### INPUT MATERIAL:
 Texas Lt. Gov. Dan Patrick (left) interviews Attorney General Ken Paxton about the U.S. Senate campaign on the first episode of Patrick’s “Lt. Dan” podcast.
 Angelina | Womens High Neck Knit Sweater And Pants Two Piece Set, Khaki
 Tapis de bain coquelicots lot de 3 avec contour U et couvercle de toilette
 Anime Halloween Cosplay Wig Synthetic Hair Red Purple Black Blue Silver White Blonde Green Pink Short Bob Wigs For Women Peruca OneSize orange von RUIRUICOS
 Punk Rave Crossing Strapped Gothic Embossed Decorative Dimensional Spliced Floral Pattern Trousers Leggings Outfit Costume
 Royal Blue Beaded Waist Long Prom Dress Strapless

* * *

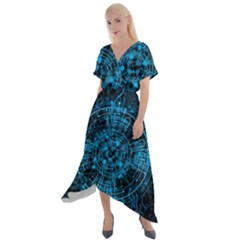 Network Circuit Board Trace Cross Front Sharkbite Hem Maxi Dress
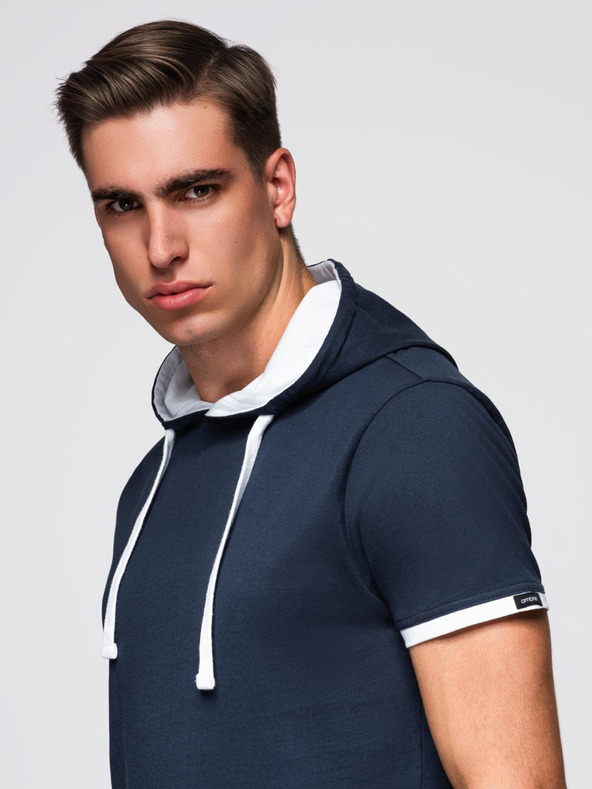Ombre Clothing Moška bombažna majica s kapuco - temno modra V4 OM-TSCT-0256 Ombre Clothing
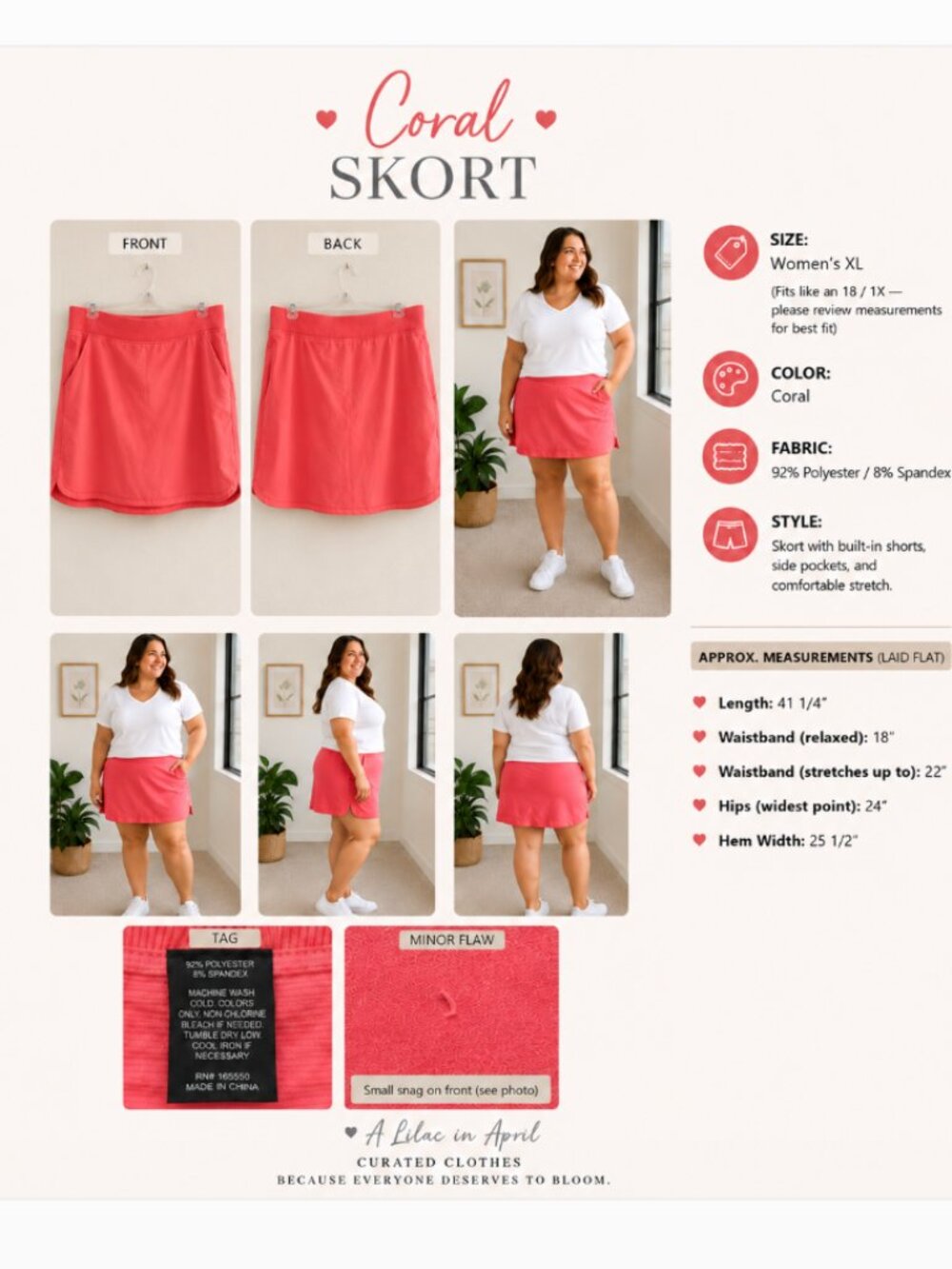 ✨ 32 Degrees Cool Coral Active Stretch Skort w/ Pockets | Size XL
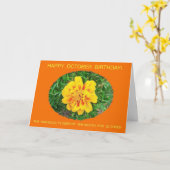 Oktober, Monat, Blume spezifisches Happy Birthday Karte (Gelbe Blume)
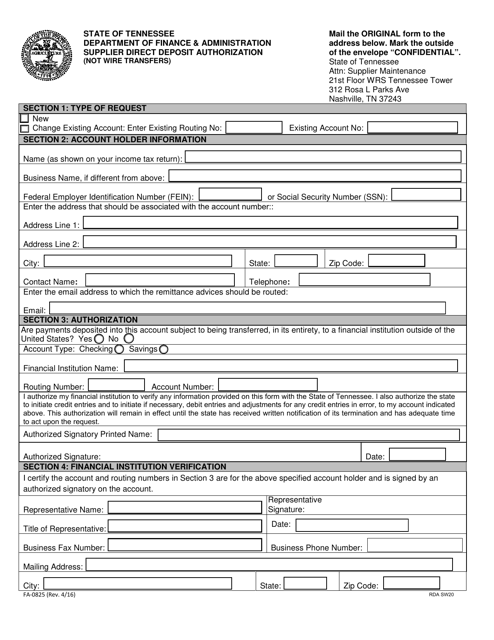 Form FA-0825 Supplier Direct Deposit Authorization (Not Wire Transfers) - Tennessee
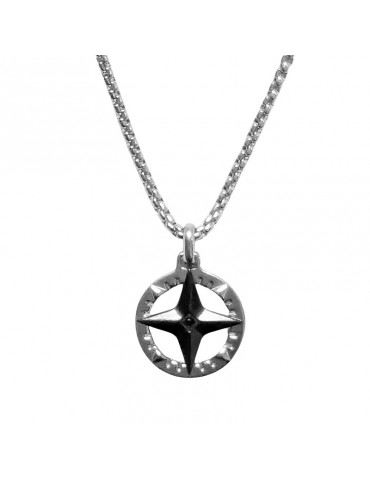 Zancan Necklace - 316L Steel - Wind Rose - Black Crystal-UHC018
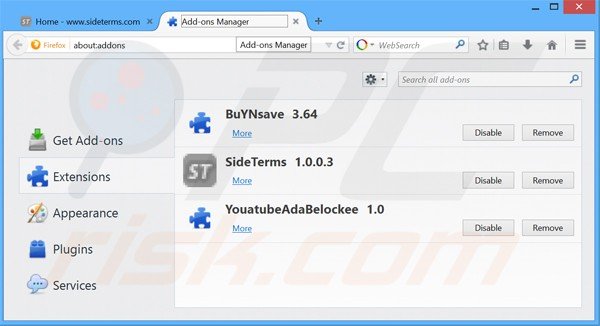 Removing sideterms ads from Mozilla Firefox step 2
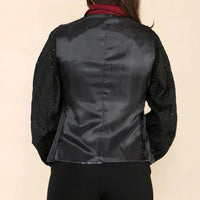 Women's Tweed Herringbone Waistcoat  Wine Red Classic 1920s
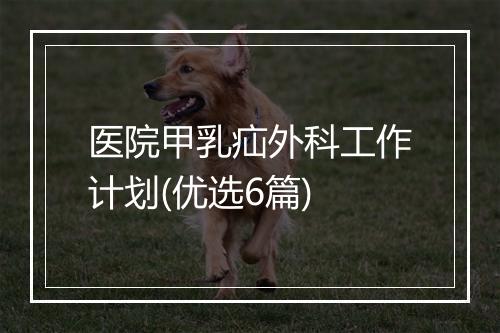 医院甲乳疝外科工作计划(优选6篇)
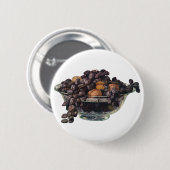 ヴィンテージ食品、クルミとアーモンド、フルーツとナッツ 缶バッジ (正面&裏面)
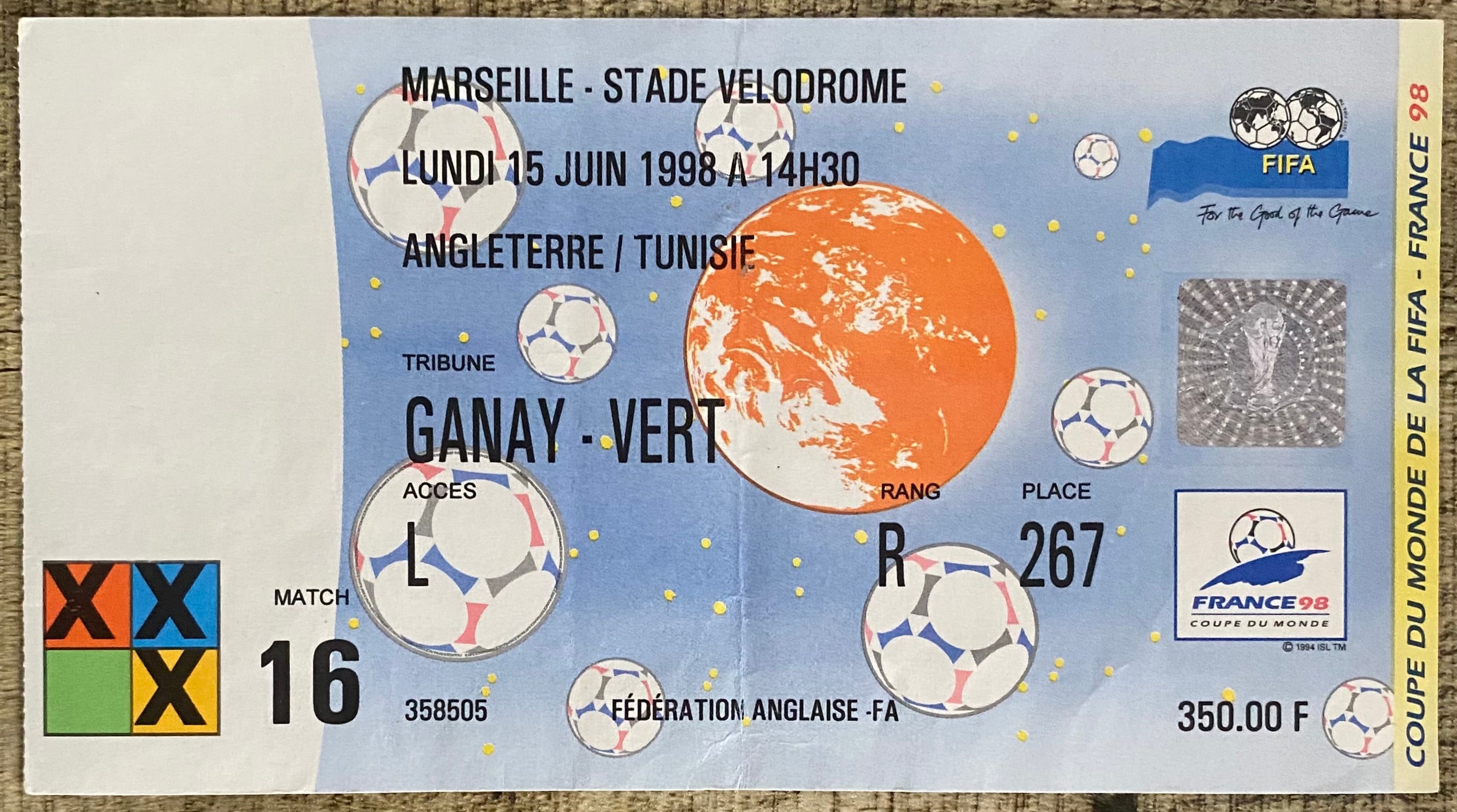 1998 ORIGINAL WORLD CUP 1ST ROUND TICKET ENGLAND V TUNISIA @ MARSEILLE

* * *

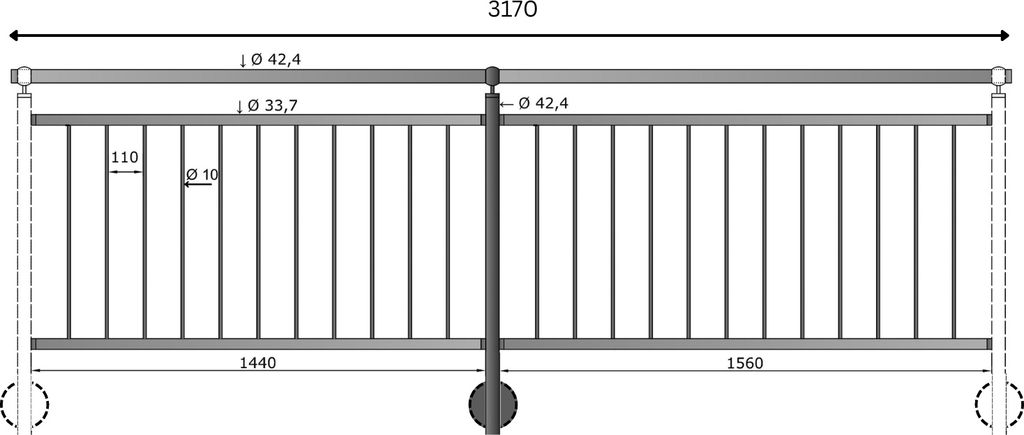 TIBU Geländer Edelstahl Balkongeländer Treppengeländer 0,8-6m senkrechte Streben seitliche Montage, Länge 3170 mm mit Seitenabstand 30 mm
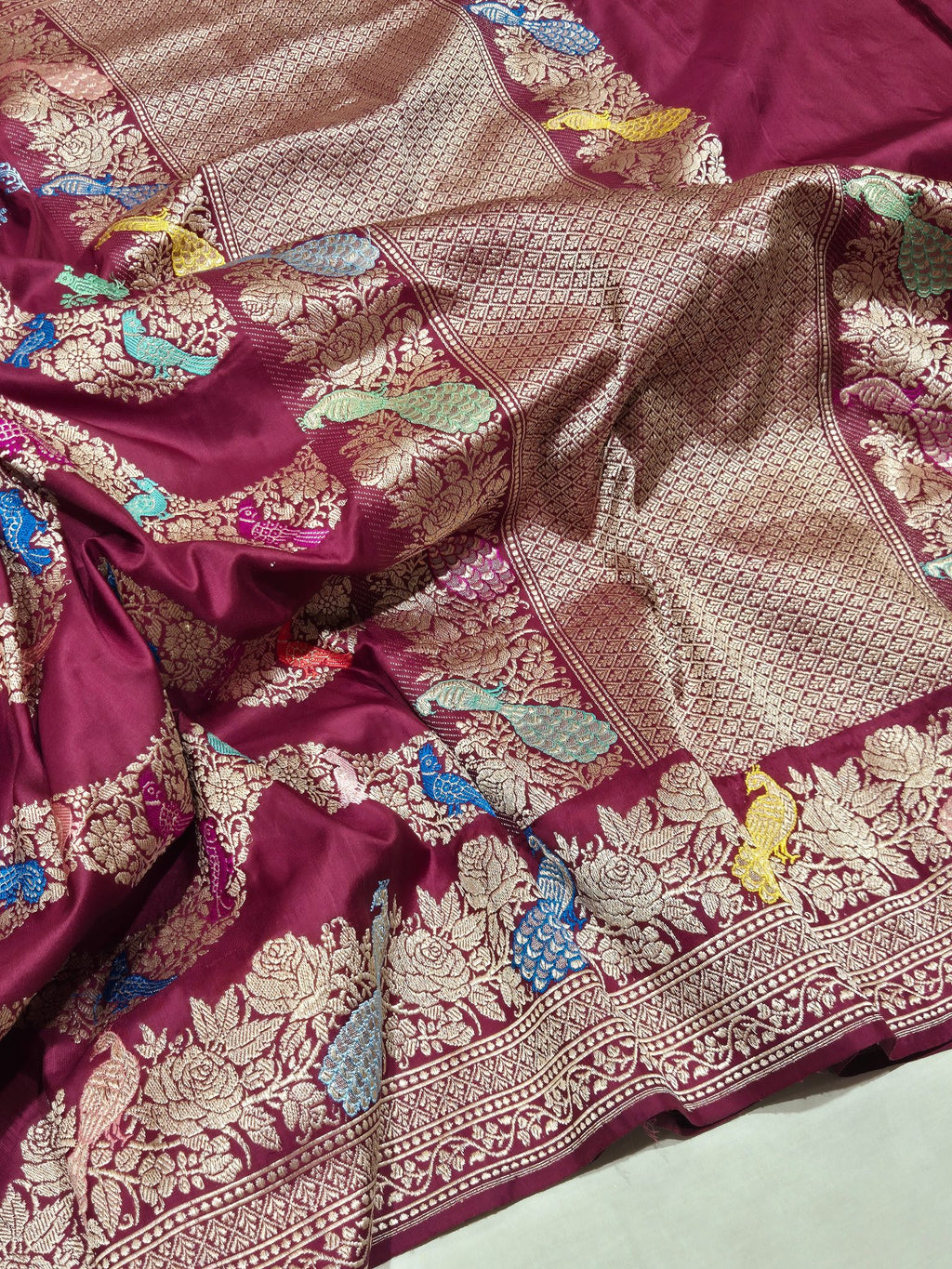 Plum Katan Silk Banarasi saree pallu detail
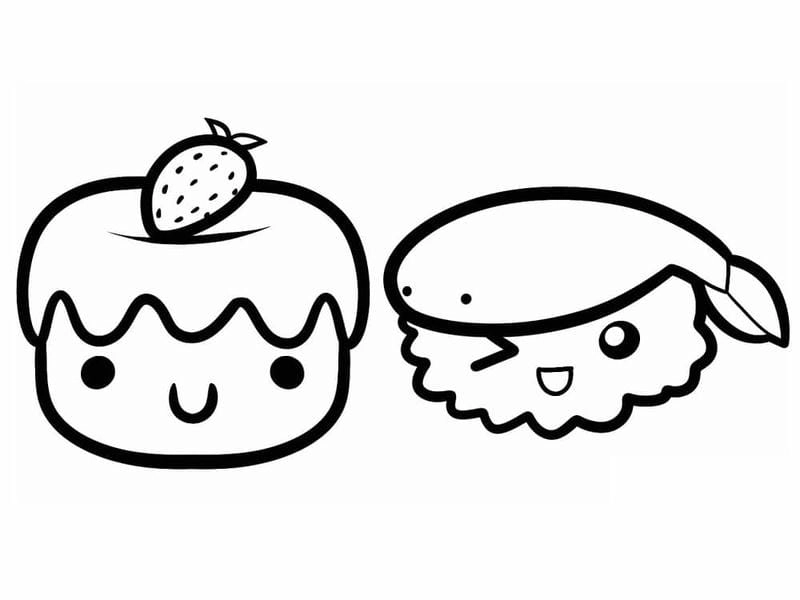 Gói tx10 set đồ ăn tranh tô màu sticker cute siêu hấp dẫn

### TASK PROMPT:
State how many lines of the records above contain "Blue", with no words besides the number.

### FINAL ANSWER:
2